When I visited with Julia earlier this year, we talked about everything, but especially about faith, and she and her husband took me to Mass with them. I was awed by the beauty of the Catholic Easter, but still a country mile off in understanding. Just before I left for New Zealand, I said, sadly, "I can't be a Catholic: I can't understand the Real Presence." (I meant, of course, I can't believe the presence of Jesus in the Eucharist - because who could ever understand it?)
Then, in June, I stumbled across the "Called to Communion" website, and read the three big articles, "Ecclesial Deism", "The Canon Question" and "The Visible Church." They blew my Reformed Protestantism out of the water. Simple obedience and love of Jesus required I draw near Him in His way, not mine. I had well and truly removed any possible plea of invincible ignorance, as a defence against joining His Church. I emailed Julia, saying, "I think I have to become a Catholic. I can't believe I just typed that."
So I started limping off to daily Mass, feeling shell-shocked and mortified, wondering if I'd ever feel whole again, or if I'd just be walking wounded for the rest of my life. I believed, as hard as ever I believed anything, that I had to be there each morning, that the Mass is the prayer of Christ's people, but secretly I doubted that I'd ever be given the gift of faith in the mystery. I feared I'd always be kneeling at the back, hiding from direct view of the altar behind someone else, in case God saw me there, a bacillus on the Petri dish, desperately afraid of the penicillin.
For this I had paid with the loss of a close and fervent church community, one friendship completely lost, another permanently bent, a son alienated and slightly disgusted, a daughter saddened and confused, and, oh, yes, after the Reformed Church discipline process is complete, I will be officially excommunicated and the church members will be obliged to treat me as a "publican and a sinner." I can't deny that it has seemed hard.
Well, in case you didn't know this, the Lord is merciful. Stumbling in the dark, I came across my next hand-hold.

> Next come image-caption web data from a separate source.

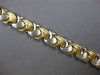 ESTATE WIDE 14KT 2 TONE GOLD 3D MATTE & SHINY MULTI LEAF CRISS CROSS BRACELET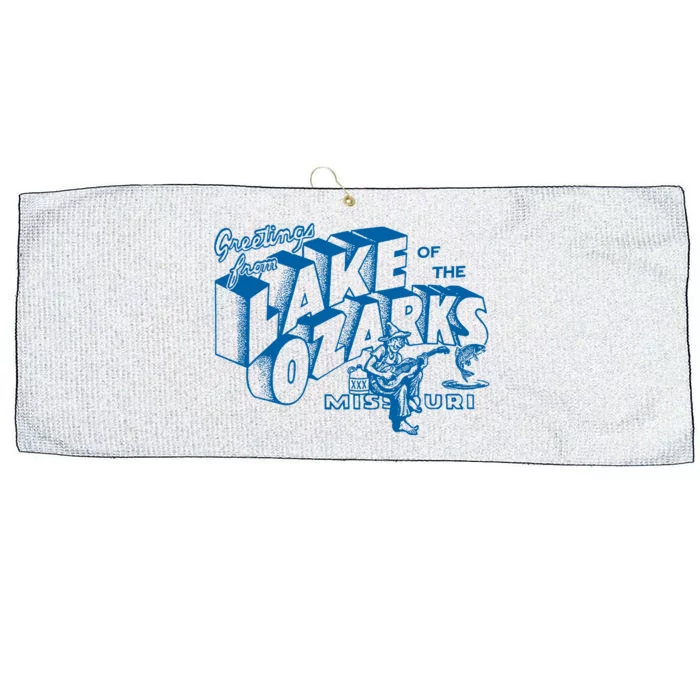 Greetings From Lake Of The Ozarks Missouri Large Microfiber Waffle Golf Towel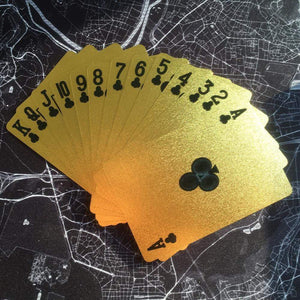 24K GOLD-PLATED PLAYING CARDS WITH CASE - RAPBLUE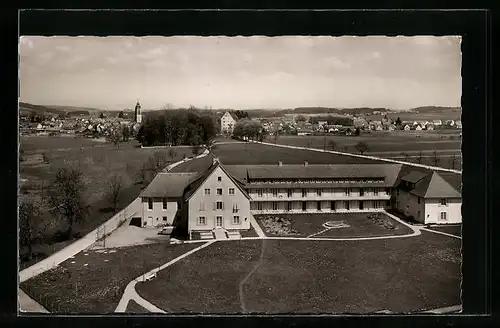 AK Kisslegg / Allgäu, Teilansicht mit Haus Loretto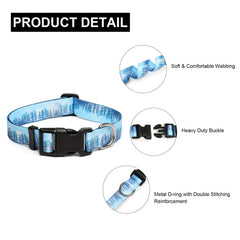 Mercano collar de material sintético suave y duradero, ligero para uso diario y juegos.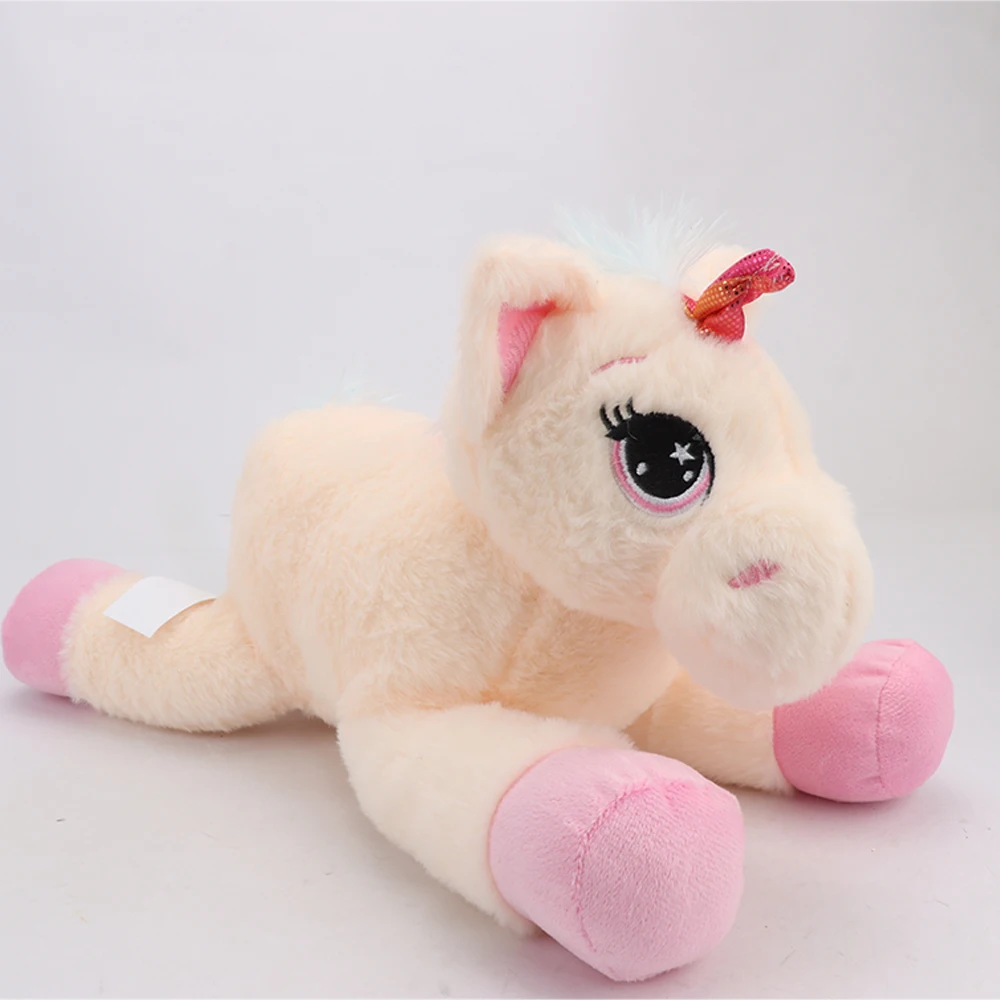 Jouet en peluche multicolore LilianClouds AdTos15.7in, molutien, Polyester doux, animal de dessin animé avec crinière arc-en-ciel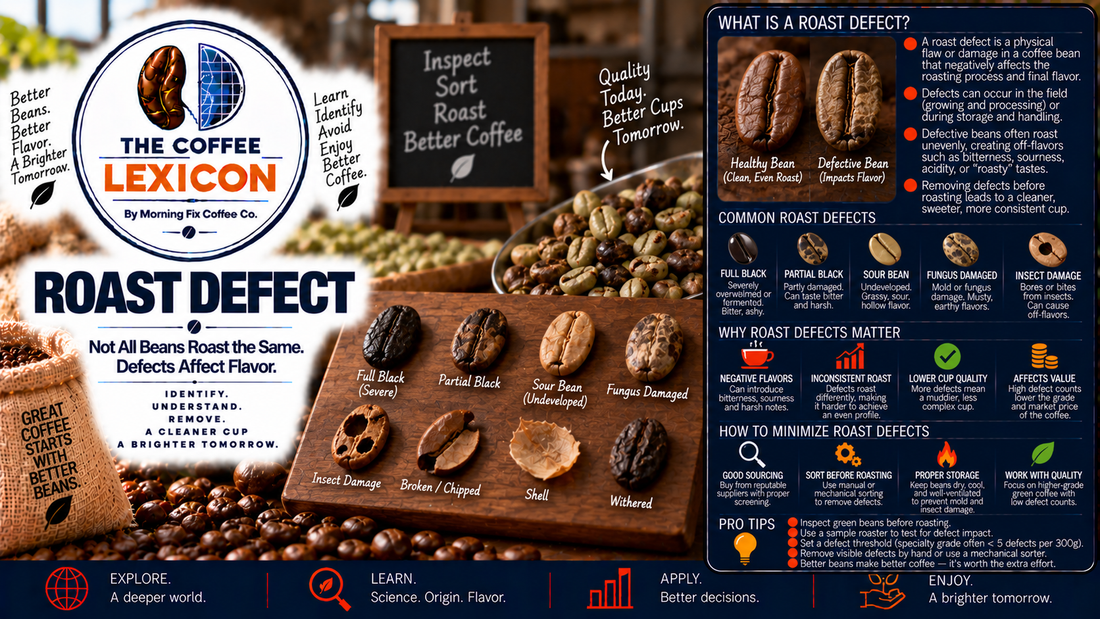 The Coffee Lexicon | Roast Defect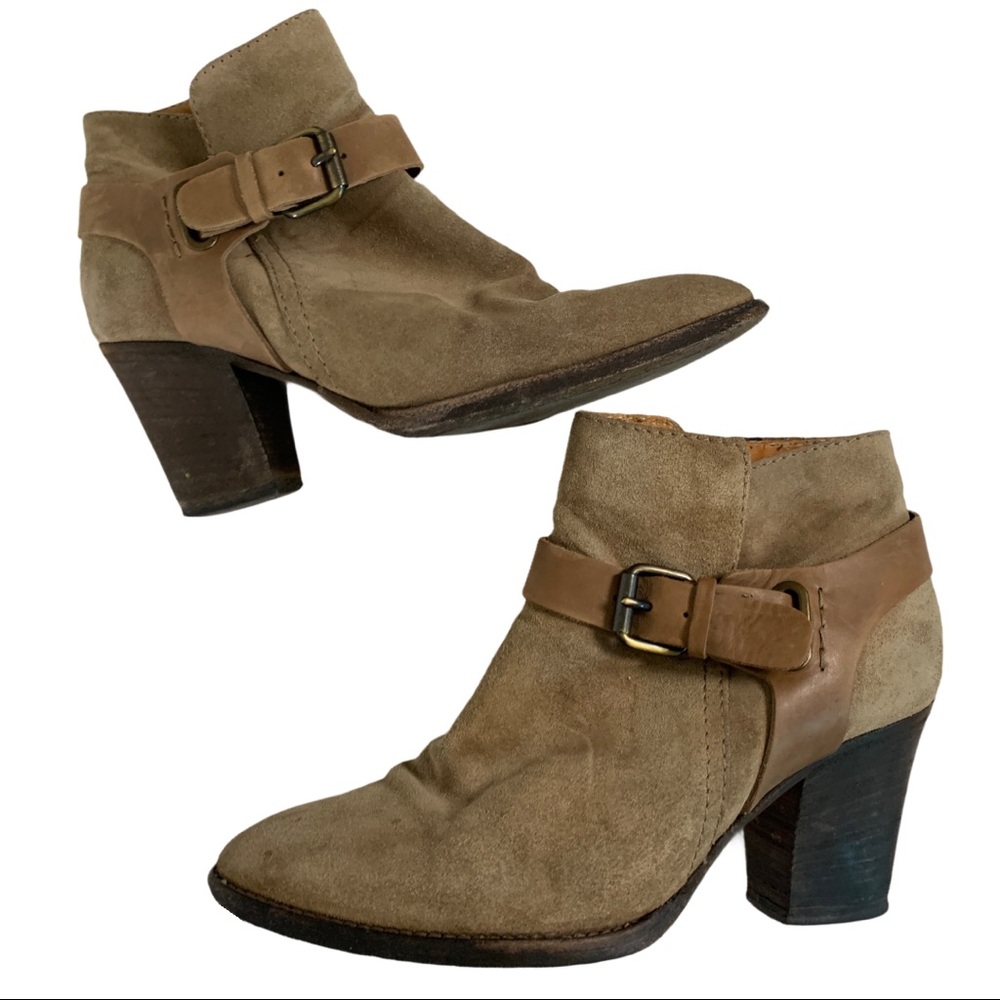 Aquatilia 8 suede ankle boots booties 3inch heel - Picture 5 of 7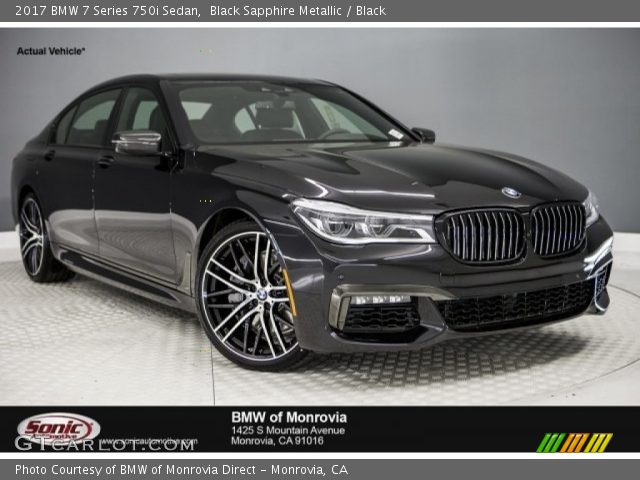 2017 BMW 7 Series 750i Sedan in Black Sapphire Metallic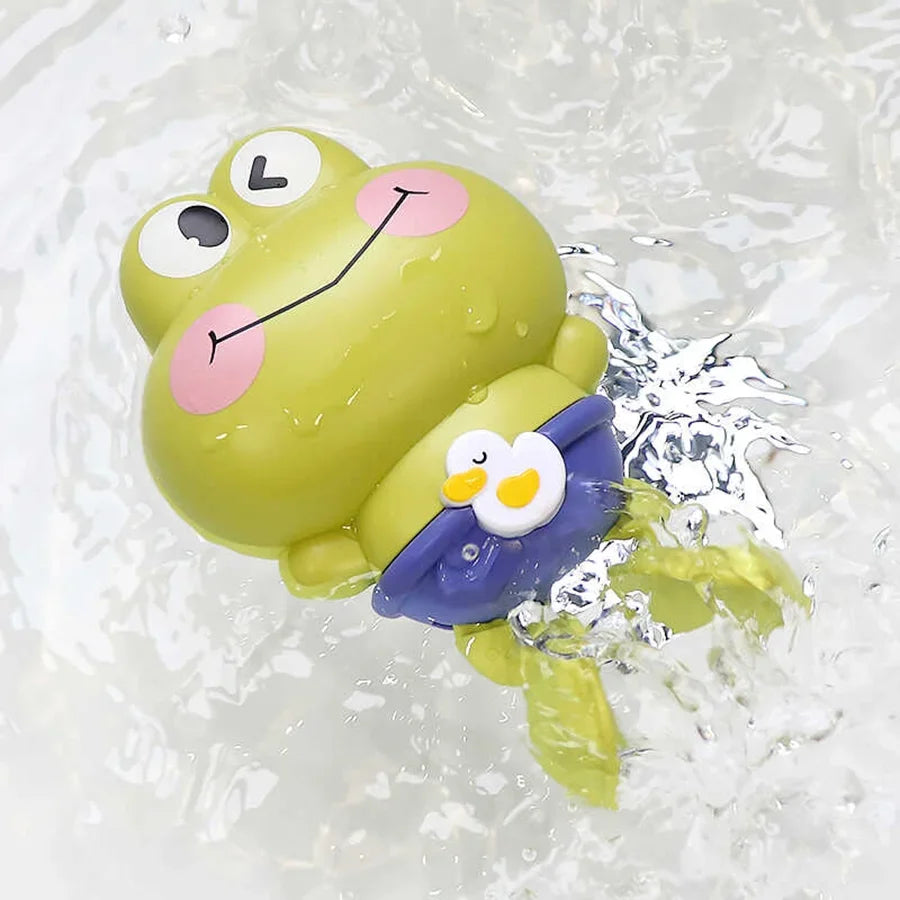 Children’s Bath Toys – Clockwork Floating & Swimming Frogs for Fun Water Play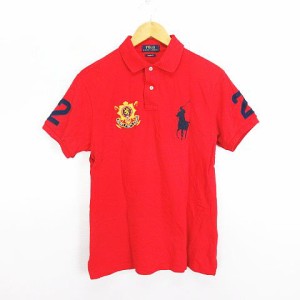 【中古】ポロ ラルフローレン POLO RALPH LAUREN ポロシャツ 半袖 ビッグポニー 刺繍 コットン レッド ※EKM メンズ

On his surpassingly excellent apologetics blog, "Shameless Popery", Joe Heschmeyer recommended a book, "The Hidden Manna: A Theology of the Eucharist," by Rev. James T. O'Connor. I ordered it, and accidentally had it sent by fast post. (Cost of book, $12; postage, $30: this is the price we pay for living in Narnia/Middle Earth.)
This book has been a well of wonder, as it shows the Fathers from the earliest times paying homage to the daily miracle in terms of Eucharistic realism.
I had come from a Memorial Supper tradition, where the elements, ineffective and earthbound in themselves, serve to remind us of our God-given faith. I had advanced so far as to regard the Eucharist as a miracle on a level with the Incarnation.
"Why," I thought to myself, with the lofty insights of Epistemology 101 and Metaphysics 102, "just as God's naming of Christ as the Logos is His pre-emptive refutation of Wittgenstein and the Logical Positivists, establishing ultimate meaning at the heart of the universe, so the Incarnation is God's pre-emptive refutation of the English Empiricists, with their doubt that the supernatural can ever impinge on the natural. And the Eucharist is God's (almost humorous) repetition of the feat, as He enters His world, over and over again, in rooms great and small. Why didn't I ever think of that before?"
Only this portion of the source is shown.